ARC-Qwen-Video-7B
In this version, we have switched the base model from hunyuan VLM in ARC-Hunyuan-Video-7B to Qwen2.5-VL-7B-Instruct and introduce ARC-Qwen-Video-7B for understanding real-world short videos. We used the same training data and training stages. For a detailed introduction, please refer to ARC-Hunyuan-Video-7B. The main distinctions are listed as below,
Feature | ARC-Hunyuan-Video-7B |
ARC-Qwen-Video-7B |
---|---|---|
Base VLM | Hunyuan-VL-7B-Pretrain | Qwen2.5-VL-7B-Instruct |
Frame Resolution Each model uses a fixed frame resolution to maintain audio-video synchronization. |
Fixed at 640 x 640 |
Fixed at 392 x 292 |
Frame Sampling | • < 150s: 1 FPS • > 150s: Uniformly sample 150 frames. |
• < 300s: 1 FPS • > 300s: Uniformly sample 300 frames. |
Audio-Video Synchronization | • < 150s: Sum tokens from 1s audio + 1s video frame. • 150-300s: Sum tokens from corresponding audio segment + video frame. • > 300s: Split audio into 300 segments, use first 2s of each. |
• < 300s: Sum tokens from 1s audio + 1s video. • > 300s: Split audio into 300 segments, use middle 1s of each. |
We are also introducing a new model, ARC-Qwen-Video-7B-Narrator. It can output timestamped video descriptions, speaker identities, and the specific ASR (Automatic Speech Recognition) content. By processing its output with an external LLM, you can obtain more comprehensive structured information as follows (Click to watch the video):
Usage
Dependencies
The installation has been tested and verified on the following environments:
- NVIDIA H20 with CUDA 12.4
- NVIDIA A100 with CUDA 12.1
Installation
Clone the repo and install dependent packages
git clone -b arc-qwen-video https://github.com/TencentARC/ARC-Hunyuan-Video-7B.git
cd ARC-Hunyuan-Video-7B
# Install torch 2.6.0 based on your CUDA version
# CUDA 11.8
pip install torch==2.6.0 torchvision==0.21.0 torchaudio==2.6.0 --index-url https://download.pytorch.org/whl/cu118
# CUDA 12.4
pip install torch==2.6.0 torchvision==0.21.0 torchaudio==2.6.0 --index-url https://download.pytorch.org/whl/cu124
# CUDA 12.6
pip install torch==2.6.0 torchvision==0.21.0 torchaudio==2.6.0 --index-url https://download.pytorch.org/whl/cu126
pip install librosa decord av accelerate
pip uninstall transformers
pip install git+https://github.com/geyuying/transformers.git@arc-qwen-video
pip install flash_attn==2.7.1.post4
# Install FFmpeg according to your system, and ensure that the following command produces a normal version output:
ffmpeg -version
# (Optional) For vllm, please follow the instructions below,
pip uninstall vllm
pip install git+https://github.com/geyuying/vllm.git@arc-qwen-video
An 'Ugly' Workaround for vLLM Installation
If you are unable to install our provided vllm package, we offer an alternative "ugly" method:
Install vllm with Qwen2.5-VL support.
Modify config.json.
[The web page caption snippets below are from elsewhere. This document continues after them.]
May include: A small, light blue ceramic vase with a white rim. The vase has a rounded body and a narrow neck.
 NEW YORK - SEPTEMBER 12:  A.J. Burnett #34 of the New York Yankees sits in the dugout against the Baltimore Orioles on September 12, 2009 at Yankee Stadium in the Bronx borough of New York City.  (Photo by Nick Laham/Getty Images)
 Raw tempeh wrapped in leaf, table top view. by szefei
In your model weights directory, open config.json and change the architectures field to "Qwen2_5_VLForConditionalGeneration".
Patch the vllm source code. Locate the file vllm/model_executor/models/qwen2_5_vl.py in your vllm installation path. Add the following code inside the init method of the Qwen2_5_VLForConditionalGeneration class:
whisper_path = 'openai/whisper-large-v3'
speech_encoder = WhisperModel.from_pretrained(whisper_path).encoder
self.speech_encoder = speech_encoder
speech_dim = speech_encoder.config.d_model
llm_hidden_size = config.vision_config.out_hidden_size
self.mlp_speech = nn.Sequential(
nn.LayerNorm(speech_dim),
nn.Linear(speech_dim, llm_hidden_size),
nn.GELU(),
nn.Linear(llm_hidden_size, llm_hidden_size)
)
Why this works: Our model is based on the Qwen-VL-2.5 architecture, with the addition of an audio encoder and a corresponding MLP. During vllm inference, the multi-modal encoder processes inputs sequentially, while the LLM performs batch inference. Since we only need to pass the final multi-modal embeddings to the LLM, we can reuse the existing code for Qwen-VL-2.5.
Inference
# Our model currently excels at processing short videos of up to 5 minutes.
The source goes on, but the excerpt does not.